Consider yourself lucky: Avalon’s stop at the auditorium is one of just 12 on his 2011 tour, one of 15 concerts he’s giving this year (only Vega gets him for more than a night), though Florida must be rife with Avalon memories: his five April dates are in this state, ending with Flagler before Avalon takes a break.
Coincidentally, the man to whom Avalon owes much of his early fame (and gigs like that ABC radio show), Robert Marucci, who launched and managed Avalon’s rise in the 1950s, died just last month, at age 81. Like Avalon, Marcucci was a Philadelphian. Avalon was a 16-year-old trumpet player and singer in a band called Rocco and the Saints when Marcucci discovered him and signed him to Chanceller Records. In 1957, Marcucci and his partner, Peter DeAngelis, wrote “DeDe Dinah” for Avalon, his first big hit. They also wrote “Why.” And Avalon’s stardom was off. It was Marcucci who choreographed a few early dance moves for Avalon and suggested what became an Avalon trademark before Bill Cosby adopted the shtick on his show: those sweaters.
“It seems like every young kid in Philadelphia wanted to be a singer,” Avalon, who was born in 1940, says (according to the one-page biography distributed by his publicist). “I started as a musician…a trumpet player in the beginning. But, when I picked up the paper one day and read about Jimmy Darren who was from my own neighborhood and school, making a successful career for himself, I decided that I could do it just as well.”

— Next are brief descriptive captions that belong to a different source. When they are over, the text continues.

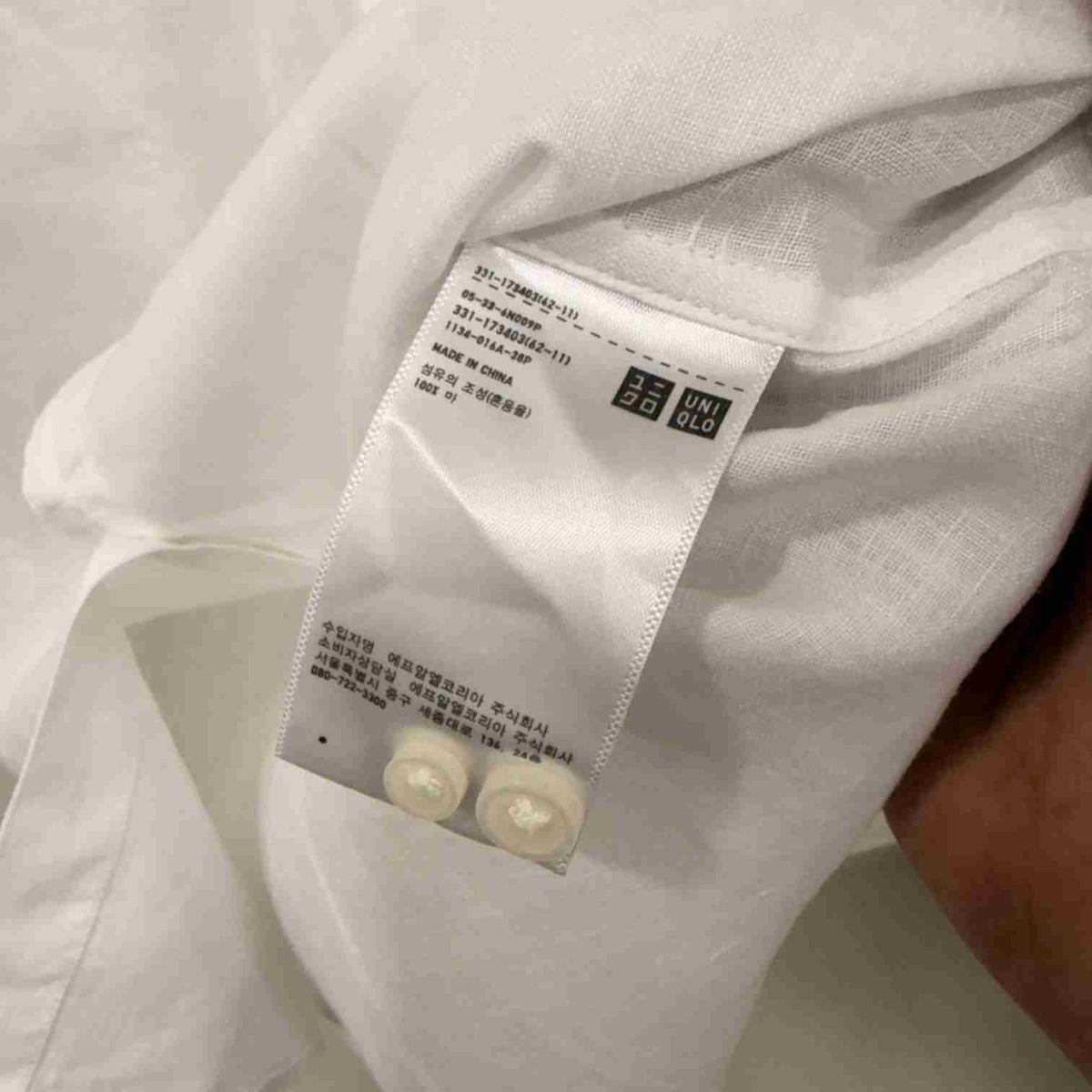 Uniqlo 100% linen white chinese collar shirt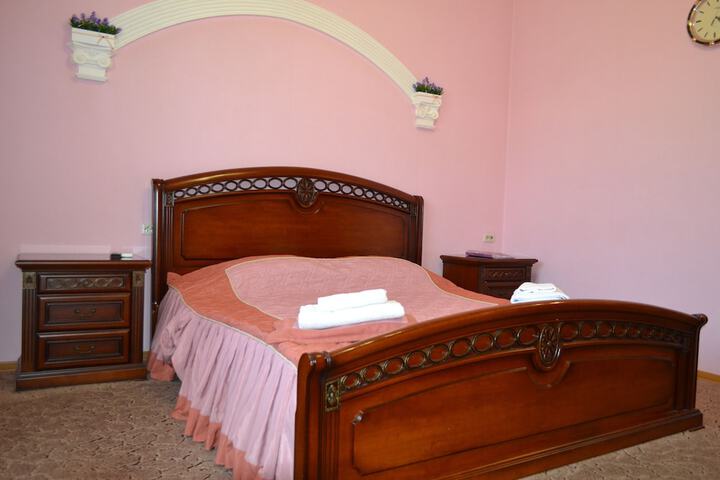 Room 5 of 37
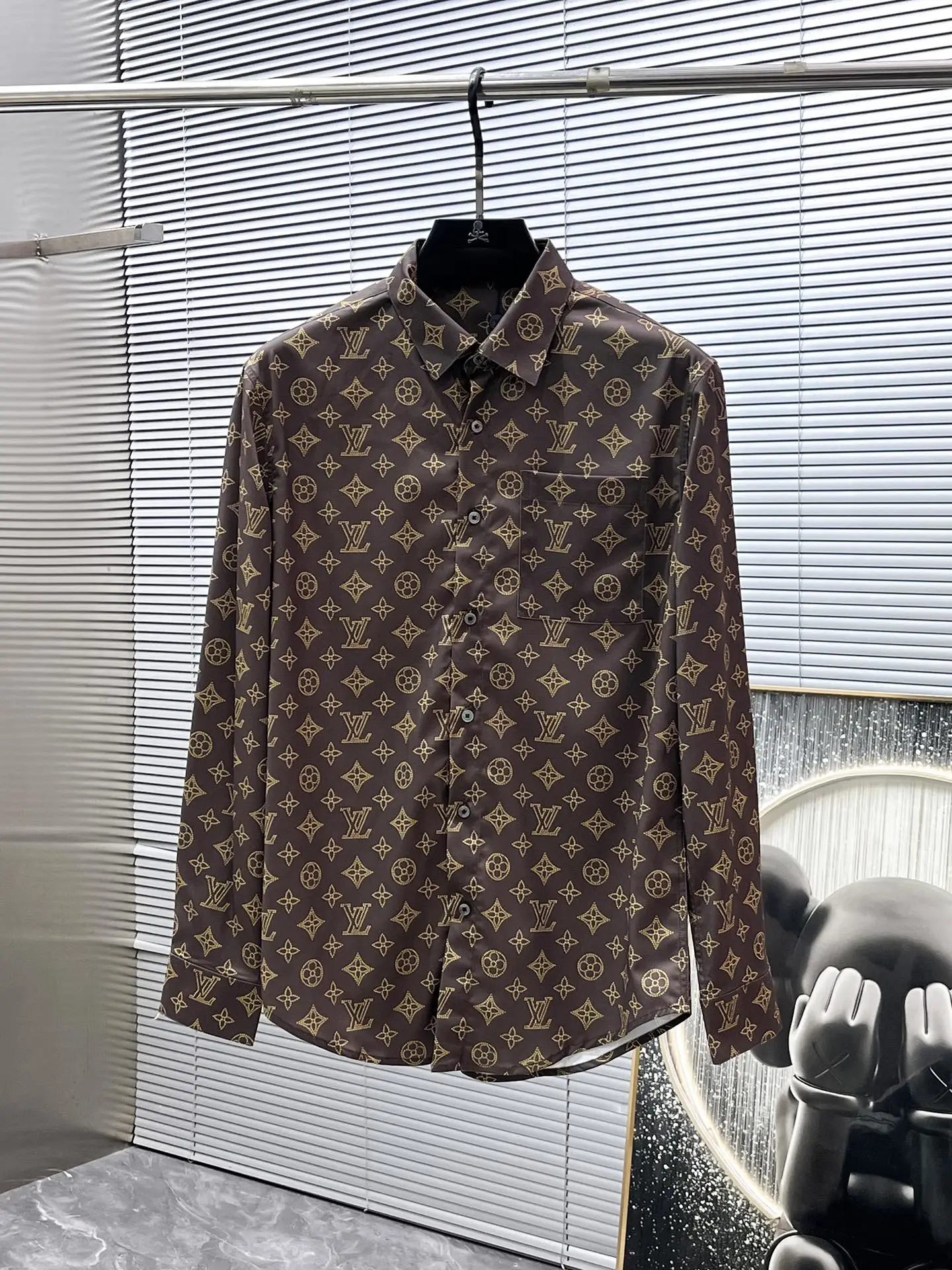 Louis Vuitton Shirts — c0f38d59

So he did, but Avalon had the slight misfortune of launching his solo career after Elvis Presley and right before the British Invasion: when The Beatles hit American shores, crooning took a bit of a dive. One-hit wonders wrecked all over the place. Avalon proved his mettle. He turned to movies. He starred in some 30 of them. So along with his more famous hits, expect a few songs from those tonight—from “Beach Blanket Bingo” and “California Sun” or “Back to the Beach,” for instance.
Avalon is also fond of mingling with his audience, who may no longer squeal and quiver and fantasize about having his babies, at least not outwardly (watch this performance of Venus to get an idea), but whose memories are not yet so ravaged as make them forget that they once did.